**Problem details**
Word for word, copy the lines from the one with "Cycling Cap" to the last line of the data below, counting both, and keep every picture out.

**Excerpted records**
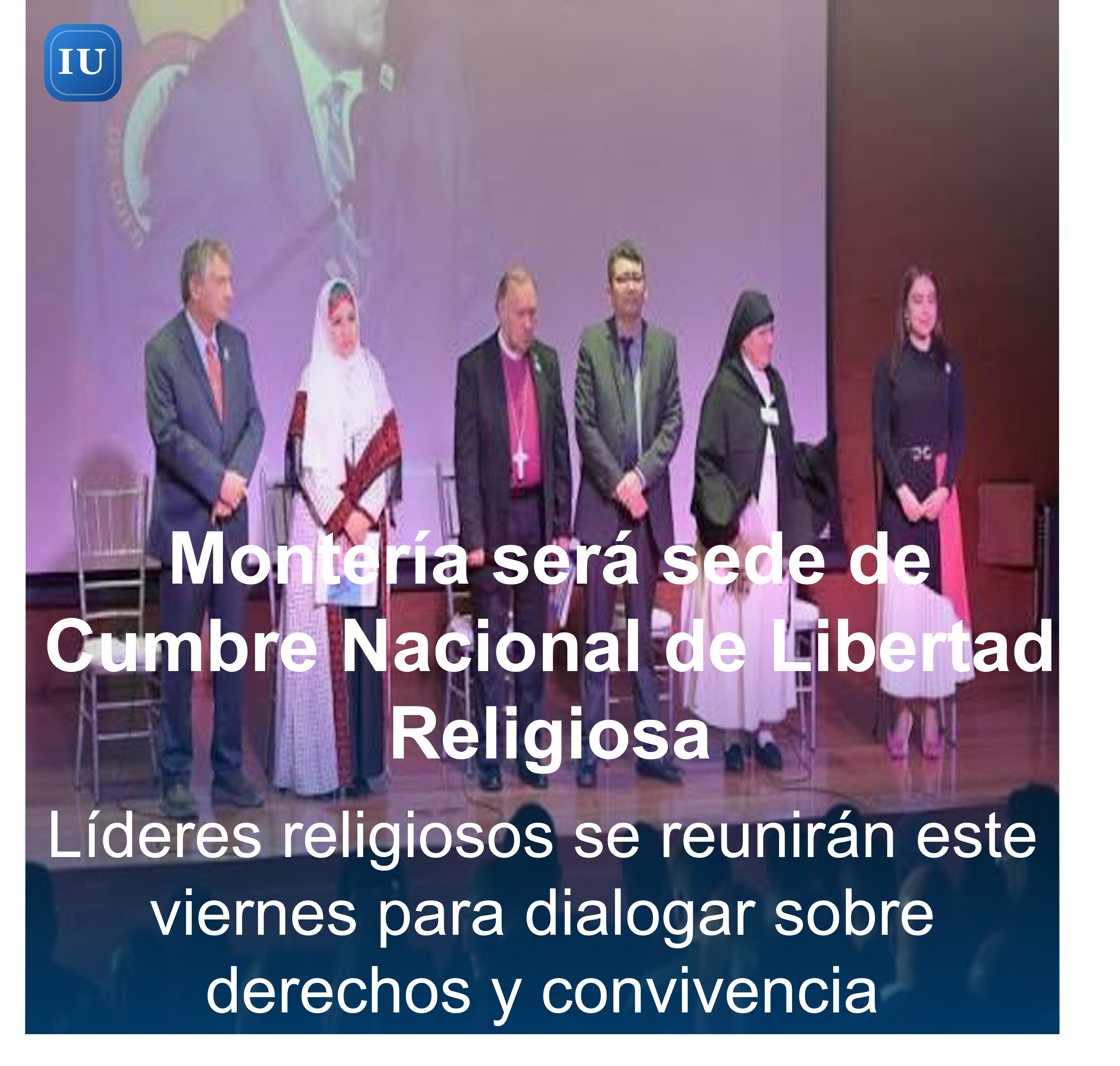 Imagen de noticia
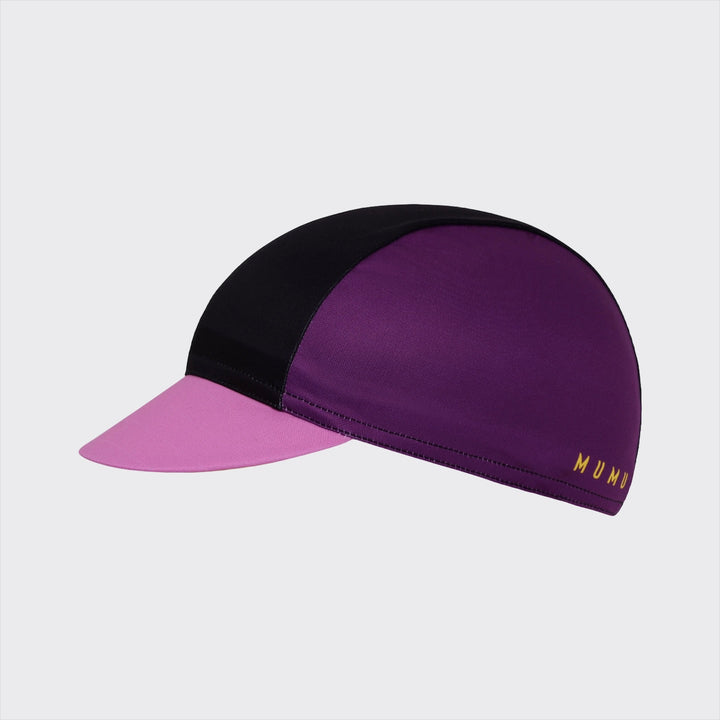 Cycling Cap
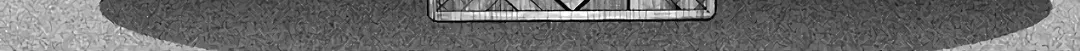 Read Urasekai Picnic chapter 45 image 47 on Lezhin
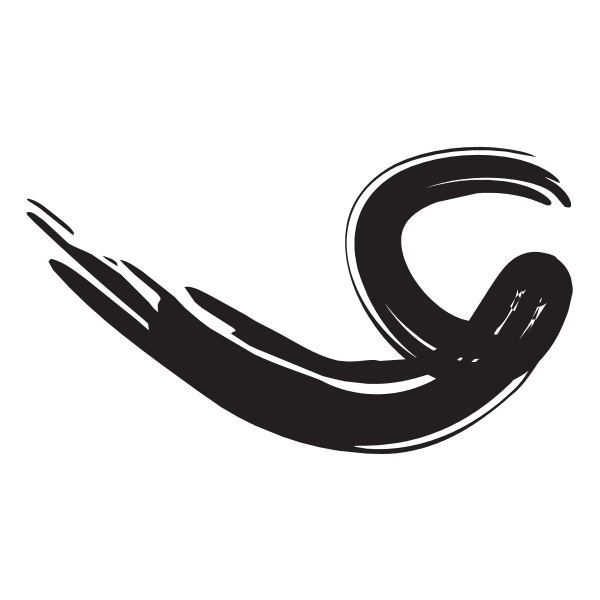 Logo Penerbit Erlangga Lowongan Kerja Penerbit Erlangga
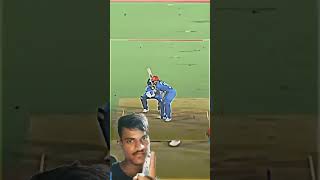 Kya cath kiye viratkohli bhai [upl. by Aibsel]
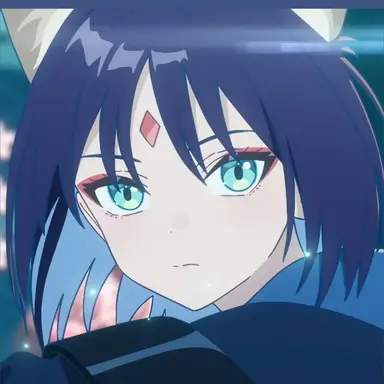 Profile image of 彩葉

**Exercise output**
 Cycling Cap
 Read Urasekai Picnic chapter 45 image 47 on Lezhin
 Logo Penerbit Erlangga Lowongan Kerja Penerbit Erlangga
 Kya cath kiye viratkohli bhai [upl. by Aibsel]
 Profile image of 彩葉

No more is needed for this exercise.